The two charts below show a couple of significant trends that have developed in financial markets since August last year. The issue here is that these two trends cannot continue on together indefinitely. One of them is going to have to reverse, at least to a significant degree.

The top chart is US 10-year yields that have risen from a low of around 0.52% in August last year, to currently trade just over 1.50%. The bottom chart is the NZDUSD, used here as a proxy for showing the broad-based USD weakness seen since September. Rising US interest rates will eventually support the USD. It is extremely unlikely that US interest rates keep rising and the US dollar keeps falling. The question markets are asking themselves is at what point does one of these trends reverse? If US 10-year yields fall back to 1.0% or so, the USD could easily continue to decline in value. But if 10-year yields continue to rise, it’s likely the USD will face a sudden and sharp reversal of fortunes.

The case for a weaker USD over the course of 2021 is compelling and as such there is now an extreme amount of speculative short (sold) USD positions in the market. That leaves the USD in a vulnerable position for a nasty short squeeze should something trigger such a move. Rising US 10-year yields could easily be that trigger if they continue heading north. Alternatively, the US Federal Reserve could step in to help drive long term interest rates lower, therefore underwriting a continuation of the USD bearish trend, but so far they’ve given no hint they are prepared to do that. The decline in the NZDUSD last week to around 0.7100 was largely driven by disappointment that Fed Chair Powell failed to signal any concern with rising 10-year yields.
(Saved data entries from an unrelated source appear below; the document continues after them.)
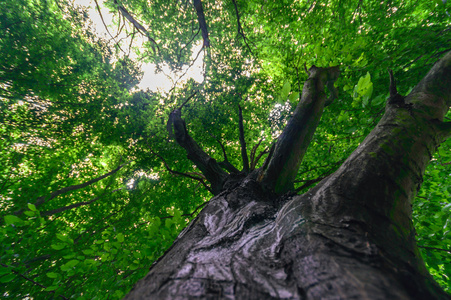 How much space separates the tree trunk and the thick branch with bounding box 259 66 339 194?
2.34 ft

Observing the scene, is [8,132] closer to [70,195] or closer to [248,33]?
[70,195]

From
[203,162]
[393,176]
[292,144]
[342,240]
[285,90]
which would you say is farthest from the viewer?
[203,162]

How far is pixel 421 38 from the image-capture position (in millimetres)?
3012

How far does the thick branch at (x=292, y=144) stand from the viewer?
78.6 inches

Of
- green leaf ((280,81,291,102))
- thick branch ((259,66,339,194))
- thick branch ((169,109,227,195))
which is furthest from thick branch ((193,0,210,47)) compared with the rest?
green leaf ((280,81,291,102))

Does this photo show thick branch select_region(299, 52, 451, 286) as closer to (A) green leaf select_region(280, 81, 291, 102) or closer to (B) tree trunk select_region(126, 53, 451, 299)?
(B) tree trunk select_region(126, 53, 451, 299)

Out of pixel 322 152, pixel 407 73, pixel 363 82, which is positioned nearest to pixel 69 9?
pixel 363 82

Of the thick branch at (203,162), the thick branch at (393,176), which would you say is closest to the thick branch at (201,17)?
the thick branch at (203,162)

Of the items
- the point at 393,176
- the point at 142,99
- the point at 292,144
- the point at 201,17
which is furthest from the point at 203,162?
the point at 142,99

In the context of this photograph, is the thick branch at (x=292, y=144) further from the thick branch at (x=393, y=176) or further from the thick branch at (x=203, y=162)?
the thick branch at (x=203, y=162)

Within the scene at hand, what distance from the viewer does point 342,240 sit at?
68cm

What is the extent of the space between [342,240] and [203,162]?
246 centimetres

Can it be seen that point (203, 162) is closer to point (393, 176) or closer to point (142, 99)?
point (393, 176)

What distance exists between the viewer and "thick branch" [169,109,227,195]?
2844 millimetres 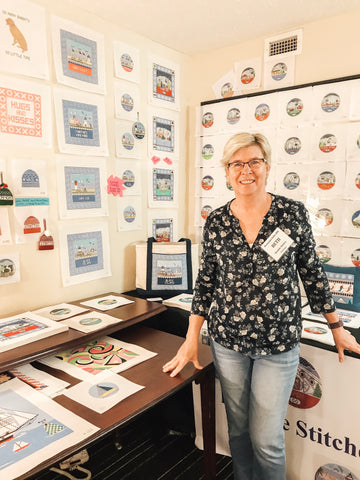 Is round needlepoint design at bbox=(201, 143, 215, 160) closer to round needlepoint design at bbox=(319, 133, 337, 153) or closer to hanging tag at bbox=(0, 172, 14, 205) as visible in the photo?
round needlepoint design at bbox=(319, 133, 337, 153)

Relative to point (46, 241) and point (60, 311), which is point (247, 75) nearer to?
point (46, 241)

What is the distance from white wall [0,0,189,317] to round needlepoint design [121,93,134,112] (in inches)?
3.0

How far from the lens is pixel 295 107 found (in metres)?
2.01

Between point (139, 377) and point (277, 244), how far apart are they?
26.5 inches

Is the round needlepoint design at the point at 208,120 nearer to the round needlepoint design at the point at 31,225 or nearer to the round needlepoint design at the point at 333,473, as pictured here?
the round needlepoint design at the point at 31,225

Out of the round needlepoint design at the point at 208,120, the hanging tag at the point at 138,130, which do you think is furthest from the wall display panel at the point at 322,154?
the hanging tag at the point at 138,130

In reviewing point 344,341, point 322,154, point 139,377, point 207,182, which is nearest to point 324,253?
point 322,154

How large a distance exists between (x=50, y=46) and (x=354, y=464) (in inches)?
88.6

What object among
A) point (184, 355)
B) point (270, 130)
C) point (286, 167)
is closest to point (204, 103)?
point (270, 130)

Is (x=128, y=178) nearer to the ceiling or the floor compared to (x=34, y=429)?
nearer to the ceiling

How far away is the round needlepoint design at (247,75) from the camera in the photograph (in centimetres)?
215

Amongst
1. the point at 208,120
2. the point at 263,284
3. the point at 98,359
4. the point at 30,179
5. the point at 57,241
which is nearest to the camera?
the point at 263,284

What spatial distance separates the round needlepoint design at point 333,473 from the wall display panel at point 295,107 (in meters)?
1.67

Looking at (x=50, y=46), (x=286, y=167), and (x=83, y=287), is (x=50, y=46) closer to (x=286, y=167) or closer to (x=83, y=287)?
(x=83, y=287) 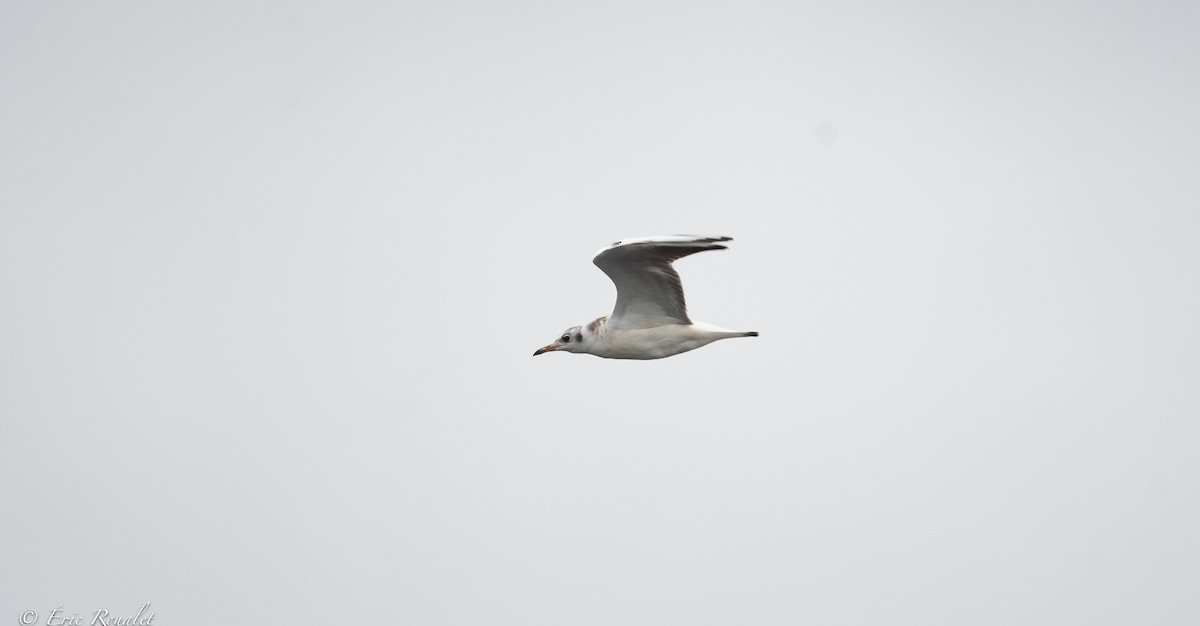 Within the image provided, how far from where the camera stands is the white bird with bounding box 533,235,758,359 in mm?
17750

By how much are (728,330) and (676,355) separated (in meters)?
1.01

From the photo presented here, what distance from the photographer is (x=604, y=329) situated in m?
19.5

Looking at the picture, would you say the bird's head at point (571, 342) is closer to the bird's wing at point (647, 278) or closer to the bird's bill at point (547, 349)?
the bird's bill at point (547, 349)

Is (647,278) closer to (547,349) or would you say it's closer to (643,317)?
(643,317)

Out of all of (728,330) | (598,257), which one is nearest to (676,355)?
(728,330)

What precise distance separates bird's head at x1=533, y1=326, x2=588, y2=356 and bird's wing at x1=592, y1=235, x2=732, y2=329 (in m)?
0.75

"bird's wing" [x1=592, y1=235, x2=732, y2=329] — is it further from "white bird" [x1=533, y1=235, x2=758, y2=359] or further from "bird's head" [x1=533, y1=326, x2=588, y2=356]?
"bird's head" [x1=533, y1=326, x2=588, y2=356]

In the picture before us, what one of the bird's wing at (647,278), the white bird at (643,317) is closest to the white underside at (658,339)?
the white bird at (643,317)

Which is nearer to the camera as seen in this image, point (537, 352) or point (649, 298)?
point (649, 298)

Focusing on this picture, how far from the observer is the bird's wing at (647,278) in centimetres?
Answer: 1705

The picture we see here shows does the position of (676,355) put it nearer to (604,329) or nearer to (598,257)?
(604,329)

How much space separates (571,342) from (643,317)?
1.50m

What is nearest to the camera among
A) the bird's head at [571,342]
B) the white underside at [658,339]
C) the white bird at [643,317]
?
the white bird at [643,317]

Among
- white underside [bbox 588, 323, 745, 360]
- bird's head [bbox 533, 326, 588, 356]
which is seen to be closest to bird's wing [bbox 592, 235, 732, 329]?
white underside [bbox 588, 323, 745, 360] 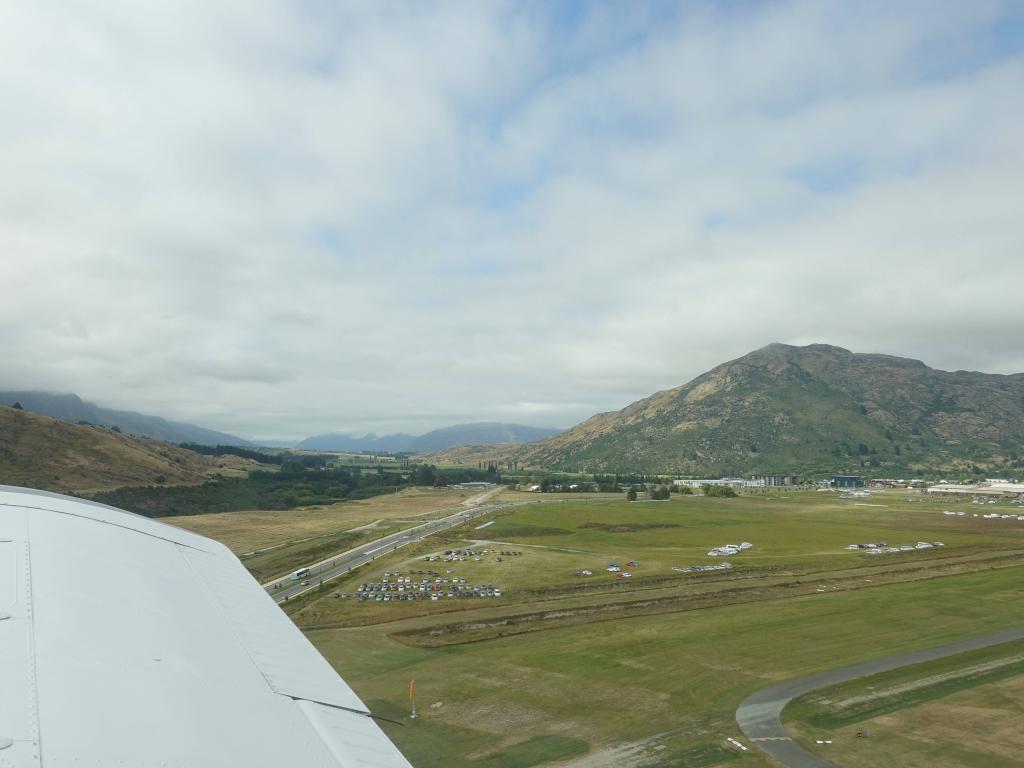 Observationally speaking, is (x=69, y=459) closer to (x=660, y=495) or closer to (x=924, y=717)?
(x=660, y=495)

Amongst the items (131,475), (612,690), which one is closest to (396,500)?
(131,475)

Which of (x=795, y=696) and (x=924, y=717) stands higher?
(x=924, y=717)

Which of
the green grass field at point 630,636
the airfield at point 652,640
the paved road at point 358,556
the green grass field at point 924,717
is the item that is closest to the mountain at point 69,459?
the paved road at point 358,556

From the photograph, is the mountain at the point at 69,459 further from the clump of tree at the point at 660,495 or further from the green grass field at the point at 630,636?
the clump of tree at the point at 660,495

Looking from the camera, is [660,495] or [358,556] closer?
[358,556]

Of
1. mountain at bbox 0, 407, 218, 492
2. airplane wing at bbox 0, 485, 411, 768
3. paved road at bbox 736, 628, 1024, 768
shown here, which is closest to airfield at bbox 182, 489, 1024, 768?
paved road at bbox 736, 628, 1024, 768

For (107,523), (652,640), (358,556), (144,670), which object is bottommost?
(358,556)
If long term yields do continue to rise, then we believe the Fed will eventually be forced to act, probably implementing some form of “yield curve control”. But between now and then, further gains in long term US yields leaves the US dollar vulnerable to a sharp correction which could easily see the NZDUSD sub 0.7000 and the AUDUSD sub 0.7500.
Just how much further US yields need to rise to trigger such a move in the USD, is the big question?